Wherever the line with "Philips led zoll - philips, 27-zoll-monitor" sits in the listing below, transcribe from it up to and including the line with "big bank challenge", exactly, and leave the remaining lines out.
*** Opening Records shown ***
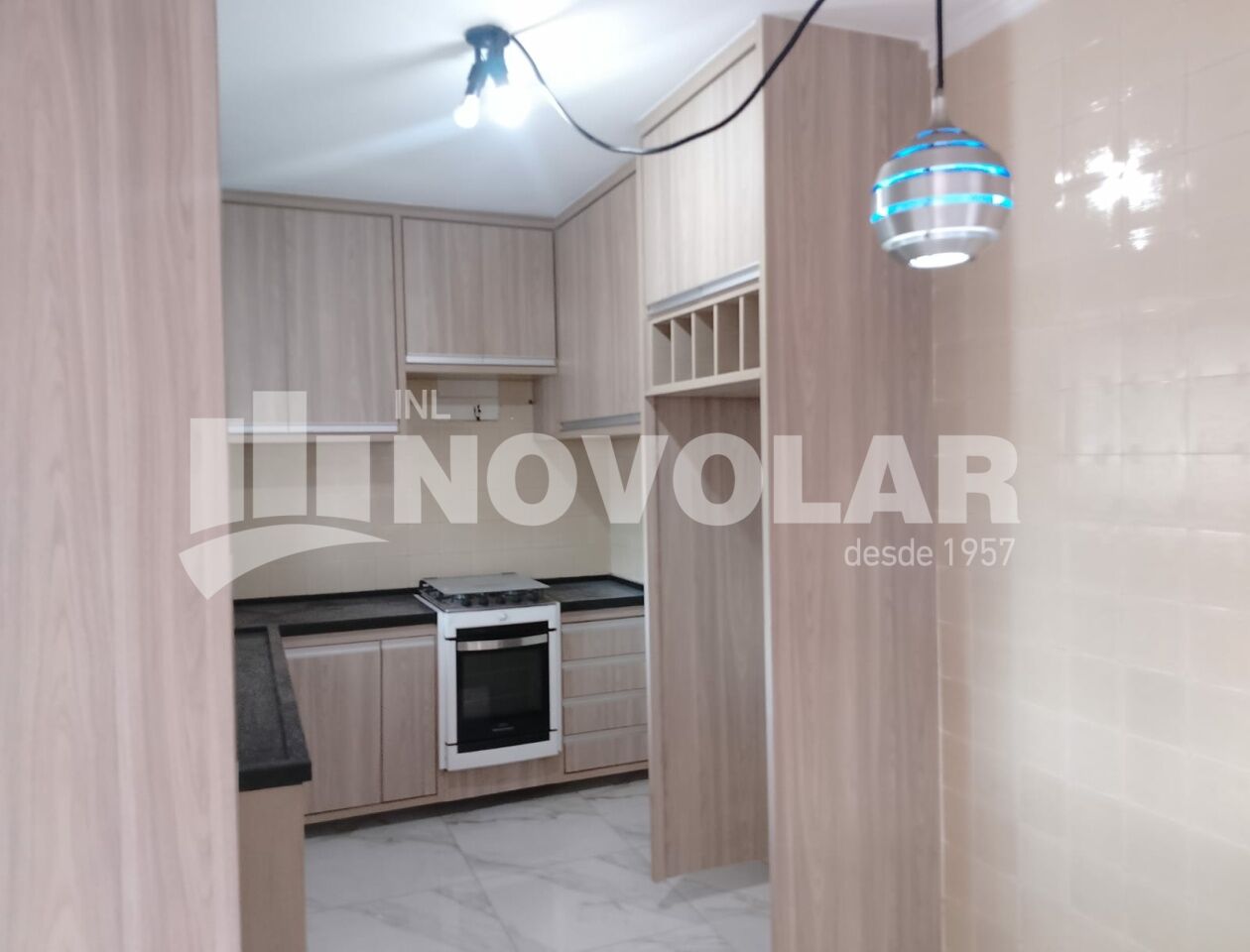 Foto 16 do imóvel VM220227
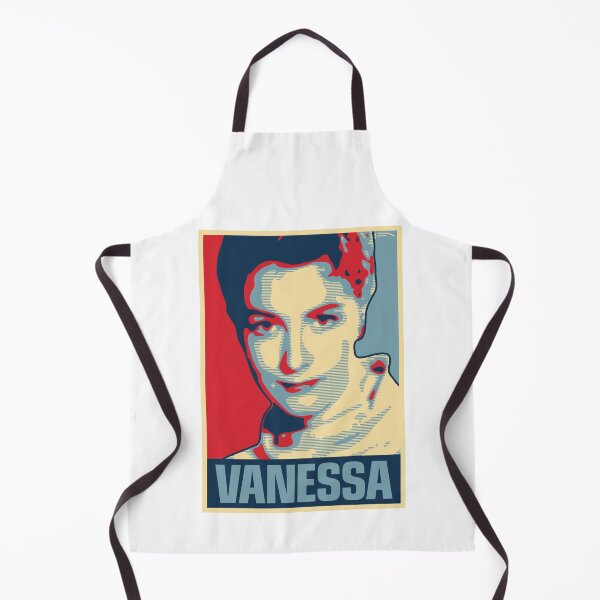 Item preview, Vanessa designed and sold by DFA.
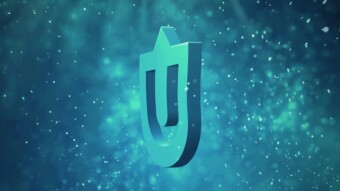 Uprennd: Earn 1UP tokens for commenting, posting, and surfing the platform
*** Closing Records shown ***
*** Opening Records shown ***
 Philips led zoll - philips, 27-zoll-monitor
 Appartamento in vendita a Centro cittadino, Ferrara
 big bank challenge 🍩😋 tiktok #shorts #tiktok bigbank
*** Closing Records shown ***
*** Opening Records shown ***
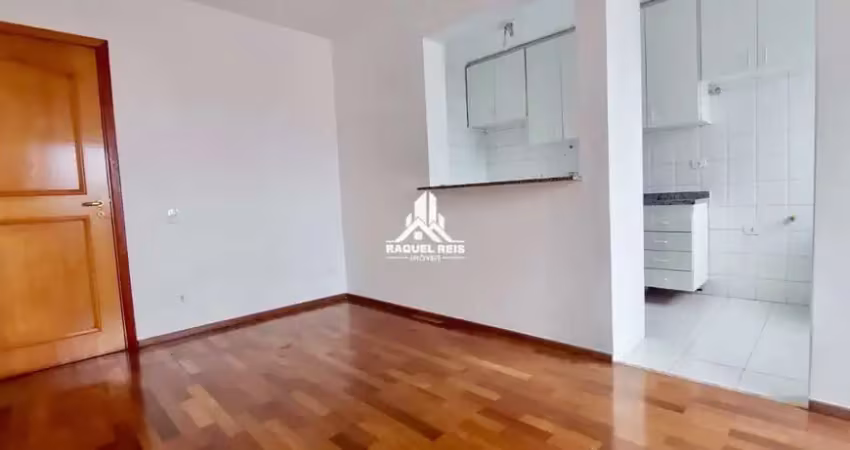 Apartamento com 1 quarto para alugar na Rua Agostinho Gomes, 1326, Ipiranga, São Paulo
*** Closing Records shown ***
Response box:
 Philips led zoll - philips, 27-zoll-monitor
 Appartamento in vendita a Centro cittadino, Ferrara
 big bank challenge 🍩😋 tiktok #shorts #tiktok bigbank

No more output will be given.